Sat 1 hat an zwei Abenden Weimar in die Postmoderne transportiert und ein freier Autor des CEE IEH saß mit im deutschen Hochgeschwindigkeitszug, welcher prima ohne Schienen auskommt und „Die Grenze“ heißt.

Man muss skeptisch sein, äußerst skeptisch. Vor allem, wenn die geschätzte Redaktion des Newsflyers einem die Fahrkarte für besagten Zug geradezu aufdrängt. Sat 1 hat ordentlich geklotzt und alle Film: Die Grenze möglichen Partner überzeugt, dieses Desaster mitzufinanzieren. Dazu kommen die wie üblich schlecht spielenden deutschen Darsteller, die in einem Anfall totaler geistiger Umnachtung auch nach Lektüre des Drehbuchs noch ihre Mitarbeit zusagten, und eine Werbekampagne, die sich gewaschen hatte, einschließlich nachfolgender Talkrunde mit dem überbezahltesten aller deutschen Fernsehmoderatoren. Verantwortlich für die ganze Chose ist teamWorx, die schon mit überragenden Fernsehproduktionen wie „Stauffenberg“, „Experiment Bootcamp“ und „Die Sturmflut“ glänzen konnten; ach ja, geflüchtet sind sie auch („Die Flucht“) und beim Einsturz der Frauenkirche war man ebenso dabei („Dresden“). Ein politischer Thriller sollte es also werden und rechts wie links schwante nichts Gutes. Im Vorfeld tippte man sich auf den einschlägigen Portalen die Finger wund und es fielen große Worte wie „Extremismustheorie“, „Propaganda des Großkapitals“, „Volksverdummung“ und Ähnliches. Einig waren sich beide Seiten darin, dass es sich hier auf jeden Fall um krisenstabilisierende Propaganda aus der Ecke von Kapital und Regierung handele. Doch alle können beruhigt sein, denn am Ende wissen wir folgendes mit Sicherheit: Die Linken sind eigentlich ganz nette Leute mit Hang zur Nostalgie in Bezug auf die DDR, die Rechten sind finstere, aber gut gekleidete High-Tech-Scientologen mit schlechtem Musikgeschmack und die Regierung ist ohne ihren kriminell agierenden „verlängerten Arm des verlängerten Armes“ ziemlich zahnlos.

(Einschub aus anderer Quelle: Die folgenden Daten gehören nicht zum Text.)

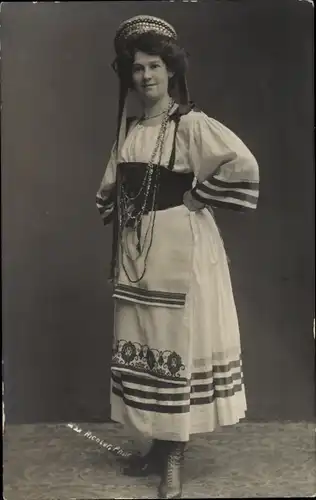 Ak Schauspielerin Grete Schweitzer, Portrait, Autogramm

Doch kommen wir zum Film. He, das ist doch Angela Merkel, na ja, unsere Bundeskanzlerin nach diversen OPs und einer Imageberatung. Eine faltig zerknautschte Regierungsvorsitzende ist dem Zuschauer wohl nicht zuzumuten. Rumms, Terroranschlag, Terroranschlag, Terroranschlag, Ölpreis steigt, zack, zack, Krise, Krise, Krise, Jobs weg, Ausschreitung, Ausschreitung, Eskalation. Nach den wirr zusammengeschnittenen Fernsehbildern und Nachrichtenschnipseln sind wir im Bilde und fragen uns, ob wir gerade ein Musikvideo von Rage Against The Machine gesehen haben. Es sieht also düster aus in der Bundesrepublik und dem Rest der Welt. Rechts und Links sind auf dem Vormarsch, der Wähler ist der Demokratie müde geworden, die ihm keine finanzielle Sicherheit mehr bieten kann. Deshalb hält die Polizei sich bei den Ausschreitungen zurück und verzichtet auf Wasserwerfer und Tränengas. Knüppel, Tritte und Schläge sind nach Meinung der Autoren wohl das zivilere Mittel um in solchen Extremsituationen zu reagieren. Doch schnell lernt man Uwe Kockisch (Erich Manz) kennen. Der ehemalige kommandierende Offizier bei den Fallschirmjägern der NVA ist nun grundehrlicher proletarischer Fischer und ein aufrechter Antifaschist. Selbst als er sich das teure Benzin für sein Boot nicht mehr leisten kann, läuft er nicht zur DNS, welche billigeres bereitstellen und dafür Parteizugehörigkeit fordern. Die DNS (Deutsch-National-Sozial) sind im übrigen die Nazis und haben mit Maximillian Schnell (Thomas Kretschmann) einen angeblich charismatischen Anführer. Die Frage ist, ob ein geleckter und schmieriger Anzugträger, der sich mit kühlem weißen Design umgibt, welches wie der real gewordene Alptraum eines jeden Verächters elektronischer Musik wirkt, wirklich so gut bei der Bevölkerung ankommen würde. Ist aber egal, immerhin ist Kretschmann ein method actor und hat sich ganz viele Videobänder von Haider angesehen, um sich auf seine Rolle vorzubereiten. Hat aber nicht geklappt, schade. Schnell ist total reich und finanziert mit hart erarbeitetem Wohlstand seine Nazieskapaden. Er ist einer dieser mysteriösen, schon fast mythischen, dot-com-Gewinner die sich vor aller Welt verstecken. Böse Zungen behaupten ja, dass es gar keine gäbe.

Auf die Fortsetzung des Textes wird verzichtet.